Unite, the country’s largest union, said mystery surrounded the fate of the pensions’ contributions of thousands of workers who were employed on public sector contracts when Carillion collapsed last month. It is understood that Carillion workers last paid their pension contributions in December, but the money had not been received by the statutory pension schemes, and nor had the employer’s contributions.
It is also unclear exactly when the company last paid contributions into the required schemes for its workforce. Unite, with 100,000 members in the health service and members in other potentially affected sectors including the prison service, the Ministry of Defence and local government, said that queries about the contributions had been meet with a brick wall by the Insolvency Service and the special managers who have been appointed to deal with Carillion’s liquidation.
Now Unite is calling on Frank Field and Rachel Reeves, the respective chairs of the Work and Pensions, and the Business, Energy and Industrial Strategy (BEIS) select committees to launch an urgent probe into the final destination of the pension contributions, which could possibly be worth more than a million pounds.
Unite national officer for health Colenzo Jarrett-Thorpe said: “This is a matter of serious concern. Workers make contributions towards their retirement and have every right to expect that those contributions go to the rightful pension schemes. “We need to know what has happened to these payments, possibly involving more than a million pounds.

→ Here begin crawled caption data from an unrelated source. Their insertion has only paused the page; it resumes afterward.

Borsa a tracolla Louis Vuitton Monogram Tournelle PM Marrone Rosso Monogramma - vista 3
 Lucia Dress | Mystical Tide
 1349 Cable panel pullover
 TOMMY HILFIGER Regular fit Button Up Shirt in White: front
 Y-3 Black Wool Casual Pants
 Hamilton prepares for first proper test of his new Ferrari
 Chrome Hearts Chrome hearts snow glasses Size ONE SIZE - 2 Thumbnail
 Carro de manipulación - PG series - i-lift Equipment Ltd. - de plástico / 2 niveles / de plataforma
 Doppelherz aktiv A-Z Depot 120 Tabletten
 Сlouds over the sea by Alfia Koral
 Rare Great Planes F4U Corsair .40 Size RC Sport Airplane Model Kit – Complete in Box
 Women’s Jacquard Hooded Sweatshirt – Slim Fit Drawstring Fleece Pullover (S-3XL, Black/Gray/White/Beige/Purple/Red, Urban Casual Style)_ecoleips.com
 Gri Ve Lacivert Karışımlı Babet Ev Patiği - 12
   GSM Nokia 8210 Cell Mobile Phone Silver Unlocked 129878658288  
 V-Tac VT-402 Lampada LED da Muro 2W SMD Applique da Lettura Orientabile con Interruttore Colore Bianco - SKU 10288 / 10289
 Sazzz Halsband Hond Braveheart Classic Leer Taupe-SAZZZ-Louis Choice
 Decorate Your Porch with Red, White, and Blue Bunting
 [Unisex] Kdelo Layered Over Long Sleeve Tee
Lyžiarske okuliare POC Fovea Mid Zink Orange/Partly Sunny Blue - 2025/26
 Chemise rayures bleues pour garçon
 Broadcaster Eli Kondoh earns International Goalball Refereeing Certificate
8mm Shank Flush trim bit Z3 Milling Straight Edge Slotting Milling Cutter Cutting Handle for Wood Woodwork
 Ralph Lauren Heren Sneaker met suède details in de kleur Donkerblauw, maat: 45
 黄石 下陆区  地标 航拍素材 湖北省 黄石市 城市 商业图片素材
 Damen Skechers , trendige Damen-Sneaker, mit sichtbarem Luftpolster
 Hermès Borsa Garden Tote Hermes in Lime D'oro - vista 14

At present, they appear to have mysteriously disappeared into the financial abyss.
“Money has been taken from workers’ wages for their retirement and that money appears to have disappeared into the ether. Efforts by Unite to discover what has happened from the Insolvency Service has hit a brick wall – that’s why we are calling on the two select committees to redouble their efforts to get to the bottom of the financial debacle that was Carillion.
“The financial stewardship of Carillion in its last months was a prime example of out of control, feral capitalism.” Support for Unite’s stance came from Labour’s shadow minister for Labour Laura Pidcock who said at the Westminster Hall debate on Carillion yesterday (Wednesday 21 February): “Worryingly, I read yesterday that Unite the union has discovered that Carillion did not pay into the NHS pension scheme in December 2017, even though deductions were made from employees’ salaries. I should like to know what happened to those pension contributions.”